When you are in a forward body position there will be a small lean from the ankles so that your shoulder is aligned over your mid-foot. There is a straight line forwards from ankle through pelvis and shoulder with no bending at waist.
1. A forward body position allows us to use gravity to develop angular momentum and rotational energy when we run. Opinions differ in role of gravity but Svein Otto Kanstad, a physicist and former competitive runner suggests “We are falling forward, and our legs catch us,” he says. With each footfall a runner’s body actually rotates forward, pivoting on the foot in contact with the ground. “It is not a series of jumps, it is a series of rotations.” In a paper published at the end of 2015 Kanstad went on to say “Gravity is there, and it drives us forward, but we immediately kill it by the way we run,” he says. “Just by not being that killer, you can have 10 per cent more energy for free.”
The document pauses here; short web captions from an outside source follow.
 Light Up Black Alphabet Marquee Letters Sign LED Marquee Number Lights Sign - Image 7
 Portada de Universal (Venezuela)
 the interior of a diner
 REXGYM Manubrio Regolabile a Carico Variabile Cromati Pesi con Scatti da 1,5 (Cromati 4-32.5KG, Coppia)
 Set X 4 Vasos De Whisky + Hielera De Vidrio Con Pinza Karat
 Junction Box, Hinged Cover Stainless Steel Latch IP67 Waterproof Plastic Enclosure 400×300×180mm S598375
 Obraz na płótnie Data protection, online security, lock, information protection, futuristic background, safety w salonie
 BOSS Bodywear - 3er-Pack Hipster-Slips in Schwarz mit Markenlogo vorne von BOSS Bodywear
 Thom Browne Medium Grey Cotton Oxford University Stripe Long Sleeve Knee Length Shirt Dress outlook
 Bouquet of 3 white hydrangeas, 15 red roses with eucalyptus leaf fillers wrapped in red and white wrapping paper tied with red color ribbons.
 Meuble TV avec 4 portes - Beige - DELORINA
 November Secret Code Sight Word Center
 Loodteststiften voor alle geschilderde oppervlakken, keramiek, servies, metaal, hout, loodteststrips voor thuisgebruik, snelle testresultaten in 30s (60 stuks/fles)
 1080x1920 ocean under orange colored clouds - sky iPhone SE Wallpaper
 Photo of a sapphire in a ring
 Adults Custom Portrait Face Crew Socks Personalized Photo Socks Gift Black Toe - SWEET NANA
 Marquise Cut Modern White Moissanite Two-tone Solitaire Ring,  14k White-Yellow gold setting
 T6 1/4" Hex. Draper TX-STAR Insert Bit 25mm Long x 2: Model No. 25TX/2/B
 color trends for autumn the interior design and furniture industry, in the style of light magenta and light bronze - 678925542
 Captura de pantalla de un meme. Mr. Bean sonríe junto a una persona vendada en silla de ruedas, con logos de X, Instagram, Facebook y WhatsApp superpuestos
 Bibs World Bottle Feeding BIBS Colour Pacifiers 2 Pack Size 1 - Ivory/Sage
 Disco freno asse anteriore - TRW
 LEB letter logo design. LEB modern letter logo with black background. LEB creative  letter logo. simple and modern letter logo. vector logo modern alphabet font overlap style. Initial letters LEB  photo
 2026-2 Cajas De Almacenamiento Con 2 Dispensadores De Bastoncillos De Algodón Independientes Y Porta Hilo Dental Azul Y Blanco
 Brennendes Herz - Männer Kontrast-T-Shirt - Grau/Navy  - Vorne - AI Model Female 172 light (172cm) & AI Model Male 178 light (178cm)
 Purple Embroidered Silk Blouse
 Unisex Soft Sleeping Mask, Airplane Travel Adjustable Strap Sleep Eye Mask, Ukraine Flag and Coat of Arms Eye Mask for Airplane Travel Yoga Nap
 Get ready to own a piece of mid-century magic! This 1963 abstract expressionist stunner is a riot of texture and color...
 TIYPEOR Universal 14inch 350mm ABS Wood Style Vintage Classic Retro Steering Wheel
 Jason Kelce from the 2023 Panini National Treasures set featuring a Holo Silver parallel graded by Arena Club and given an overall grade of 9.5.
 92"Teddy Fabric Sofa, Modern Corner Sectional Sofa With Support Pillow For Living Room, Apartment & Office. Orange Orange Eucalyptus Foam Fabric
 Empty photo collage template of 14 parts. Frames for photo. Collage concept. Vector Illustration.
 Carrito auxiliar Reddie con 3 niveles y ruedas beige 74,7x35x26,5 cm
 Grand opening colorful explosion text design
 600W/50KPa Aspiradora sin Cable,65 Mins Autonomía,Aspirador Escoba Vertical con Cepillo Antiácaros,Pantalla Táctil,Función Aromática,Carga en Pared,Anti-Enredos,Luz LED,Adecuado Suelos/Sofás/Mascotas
Enjoy the Segway drill and let us know if you agree with Kanstad: Journal reference: Proceedings of the Royal Society A, DOI: 10.1098/rspa.2015.0287
2. A second, less contentious reason, is that a forward body position, where the body is correctly aligned from ankle to shoulder, allows for an optimal hip extension off the back foot. Optimal hip extension helps facilitate the recovery or swing phase of your other leg as it lifts off the ground and comes forward.
3. A forward body position also encourages correct foot placement under the body. Happily, correct foot placement under your centre of mass also means you are more likely to be landing on your mid to fore foot and not your heel so that you can make full use of the stretch shortening cycle which allows the elastic tissues of your lower limbs to act as springs. More free speed if we can get it right!
It is important to introduce these changes to your running gradually so that your tissues can adapt. This takes months, up to 18 months to be precise! So listen your body and don’t get too carried away!